Work order:
All lines before the one containing "Fillable Holiday Calendar", plus that line itself, are to be printed exactly as they appear below.

Entries provided:
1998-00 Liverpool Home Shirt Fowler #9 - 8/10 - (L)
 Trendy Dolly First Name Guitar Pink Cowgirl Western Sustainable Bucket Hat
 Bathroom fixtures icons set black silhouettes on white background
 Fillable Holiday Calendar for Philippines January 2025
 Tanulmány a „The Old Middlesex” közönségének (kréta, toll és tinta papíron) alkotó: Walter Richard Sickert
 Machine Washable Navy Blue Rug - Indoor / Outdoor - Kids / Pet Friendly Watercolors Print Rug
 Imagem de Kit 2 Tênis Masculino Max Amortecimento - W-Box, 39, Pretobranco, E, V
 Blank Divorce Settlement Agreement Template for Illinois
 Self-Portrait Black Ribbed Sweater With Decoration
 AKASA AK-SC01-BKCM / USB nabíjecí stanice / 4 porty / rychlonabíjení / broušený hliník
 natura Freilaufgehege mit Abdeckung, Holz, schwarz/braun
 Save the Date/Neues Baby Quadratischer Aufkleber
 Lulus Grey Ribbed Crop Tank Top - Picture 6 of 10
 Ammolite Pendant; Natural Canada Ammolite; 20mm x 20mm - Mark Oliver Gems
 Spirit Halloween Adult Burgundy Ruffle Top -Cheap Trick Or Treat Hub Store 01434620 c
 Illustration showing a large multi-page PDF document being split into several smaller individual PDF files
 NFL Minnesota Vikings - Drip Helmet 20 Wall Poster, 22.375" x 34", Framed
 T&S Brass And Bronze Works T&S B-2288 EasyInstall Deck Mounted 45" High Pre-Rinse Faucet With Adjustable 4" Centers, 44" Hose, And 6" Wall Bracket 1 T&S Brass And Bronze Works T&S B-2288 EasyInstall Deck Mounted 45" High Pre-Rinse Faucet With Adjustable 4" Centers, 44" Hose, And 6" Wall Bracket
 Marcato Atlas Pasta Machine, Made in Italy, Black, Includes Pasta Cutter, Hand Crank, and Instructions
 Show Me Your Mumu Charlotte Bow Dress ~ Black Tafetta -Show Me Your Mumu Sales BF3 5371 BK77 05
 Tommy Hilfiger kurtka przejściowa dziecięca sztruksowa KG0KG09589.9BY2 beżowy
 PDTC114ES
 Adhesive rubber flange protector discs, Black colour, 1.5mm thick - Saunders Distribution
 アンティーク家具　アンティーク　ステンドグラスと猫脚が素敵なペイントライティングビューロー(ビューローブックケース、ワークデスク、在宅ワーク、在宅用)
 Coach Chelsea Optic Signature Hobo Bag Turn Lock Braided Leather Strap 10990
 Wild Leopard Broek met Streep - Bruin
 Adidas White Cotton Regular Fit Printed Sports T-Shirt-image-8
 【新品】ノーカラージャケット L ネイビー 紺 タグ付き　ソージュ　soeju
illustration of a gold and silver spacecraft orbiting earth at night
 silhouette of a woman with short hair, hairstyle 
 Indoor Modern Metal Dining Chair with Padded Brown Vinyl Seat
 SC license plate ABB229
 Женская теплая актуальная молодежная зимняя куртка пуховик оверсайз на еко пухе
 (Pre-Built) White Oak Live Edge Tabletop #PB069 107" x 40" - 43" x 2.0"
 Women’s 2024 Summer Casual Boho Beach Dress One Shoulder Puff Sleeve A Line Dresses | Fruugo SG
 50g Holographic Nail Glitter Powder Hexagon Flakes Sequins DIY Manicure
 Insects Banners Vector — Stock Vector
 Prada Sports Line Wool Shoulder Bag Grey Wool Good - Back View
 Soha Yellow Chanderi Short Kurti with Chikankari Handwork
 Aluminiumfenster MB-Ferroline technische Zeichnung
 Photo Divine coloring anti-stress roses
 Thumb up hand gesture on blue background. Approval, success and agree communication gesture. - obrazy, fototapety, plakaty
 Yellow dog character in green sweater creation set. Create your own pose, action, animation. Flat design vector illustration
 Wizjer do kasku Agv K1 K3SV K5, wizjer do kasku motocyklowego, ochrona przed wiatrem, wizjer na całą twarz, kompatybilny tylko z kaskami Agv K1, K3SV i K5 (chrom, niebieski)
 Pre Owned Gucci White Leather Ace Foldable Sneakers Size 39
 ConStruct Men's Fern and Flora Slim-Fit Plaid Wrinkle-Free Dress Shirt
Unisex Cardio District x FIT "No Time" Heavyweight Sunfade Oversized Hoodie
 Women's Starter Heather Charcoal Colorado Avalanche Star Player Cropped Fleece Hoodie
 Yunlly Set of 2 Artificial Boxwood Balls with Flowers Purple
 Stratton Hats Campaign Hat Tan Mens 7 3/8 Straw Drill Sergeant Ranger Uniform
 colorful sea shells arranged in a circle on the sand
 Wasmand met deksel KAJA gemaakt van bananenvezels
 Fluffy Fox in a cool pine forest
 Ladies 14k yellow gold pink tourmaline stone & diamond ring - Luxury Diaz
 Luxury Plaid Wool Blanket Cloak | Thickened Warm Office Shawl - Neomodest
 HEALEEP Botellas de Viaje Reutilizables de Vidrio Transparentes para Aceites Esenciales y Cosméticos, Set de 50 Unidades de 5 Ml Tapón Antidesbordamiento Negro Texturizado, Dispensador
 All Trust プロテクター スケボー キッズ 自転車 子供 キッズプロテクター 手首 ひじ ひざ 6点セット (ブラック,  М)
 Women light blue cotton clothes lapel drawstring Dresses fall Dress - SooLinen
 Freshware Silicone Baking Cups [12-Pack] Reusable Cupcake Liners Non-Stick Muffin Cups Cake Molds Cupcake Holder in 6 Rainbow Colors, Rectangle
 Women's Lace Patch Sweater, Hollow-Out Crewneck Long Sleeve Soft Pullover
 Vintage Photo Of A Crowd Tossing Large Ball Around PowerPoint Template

Response box:
1998-00 Liverpool Home Shirt Fowler #9 - 8/10 - (L)
 Trendy Dolly First Name Guitar Pink Cowgirl Western Sustainable Bucket Hat
 Bathroom fixtures icons set black silhouettes on white background
 Fillable Holiday Calendar for Philippines January 2025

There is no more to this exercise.